§ **EXERCISE PROMPT**
Repeat exactly the lines below, from the line containing "La PAz - LA" through the last line, both included. Leave out any pictures.

§ **RAW DATA**
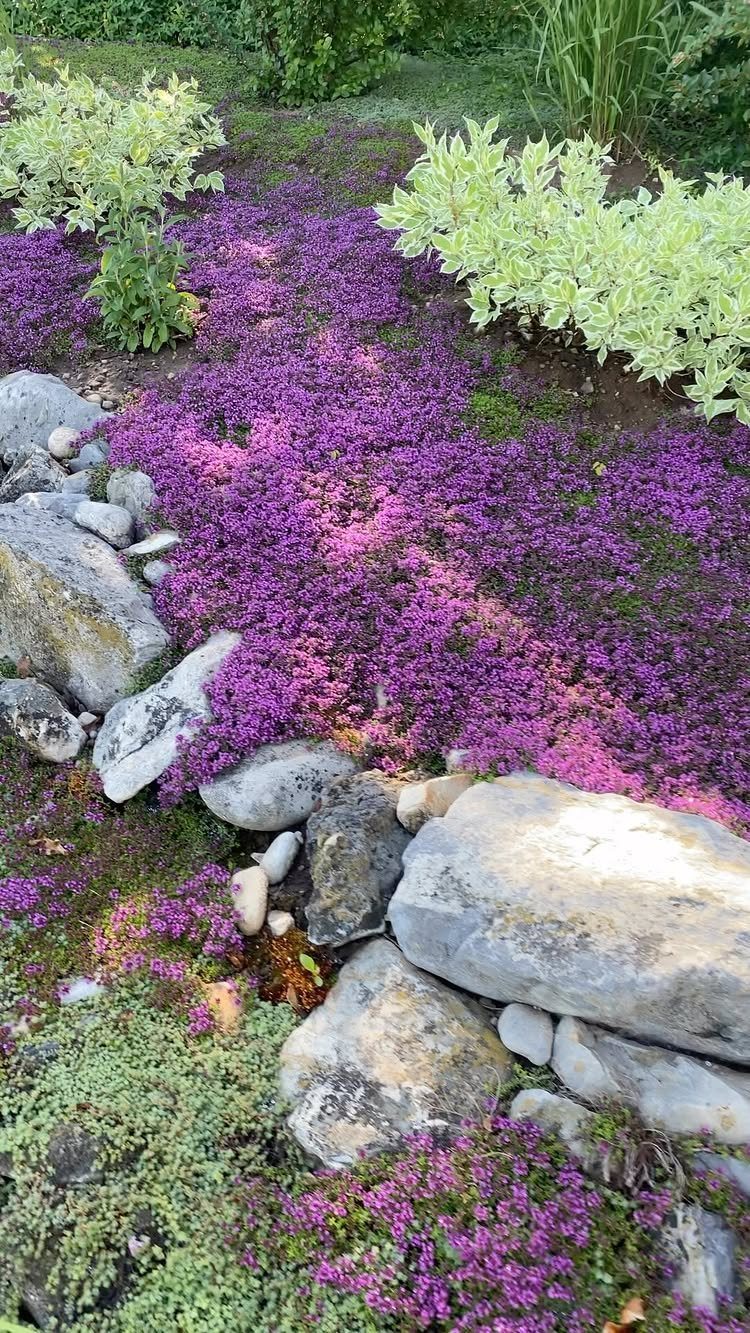 Purple flowering ground cover plants growing between large grey rocks and green foliage.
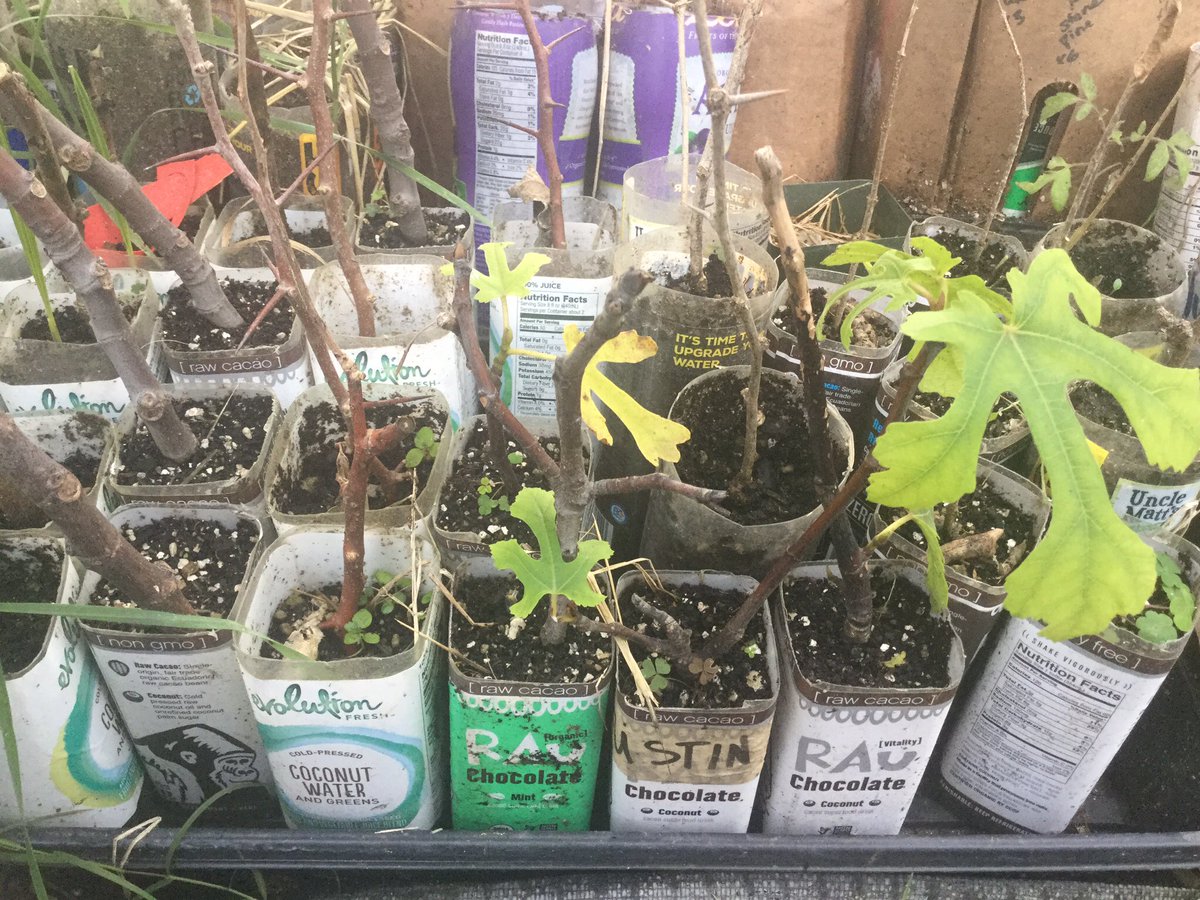 DrylandWFS's tweet photo. #ficuscarica cuttings will be used for #brushlayering eroded waterways. Rooted in recycled drinks for #plasticsequestration #LeadOnClimate https://t.co/NAbi1mGeR6
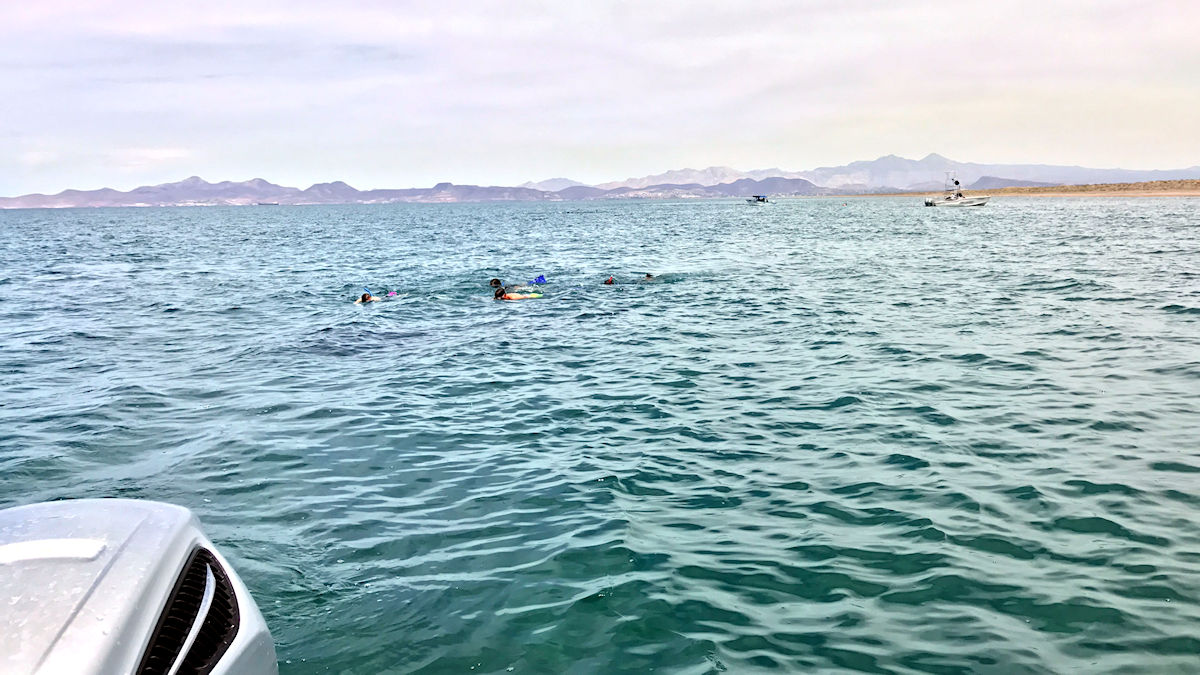 La PAz - LA Paz - Looking for the whale sharks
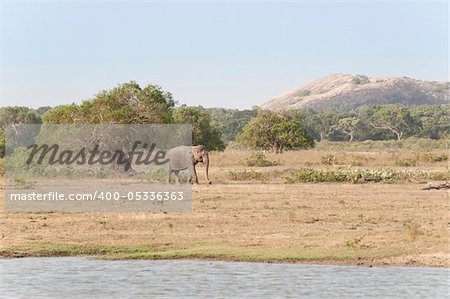 Large Wild Male Elephant in national park; Sri Lanka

§ **RESPONSE TO THIS TASK**
 La PAz - LA Paz - Looking for the whale sharks
 Large Wild Male Elephant in national park; Sri Lanka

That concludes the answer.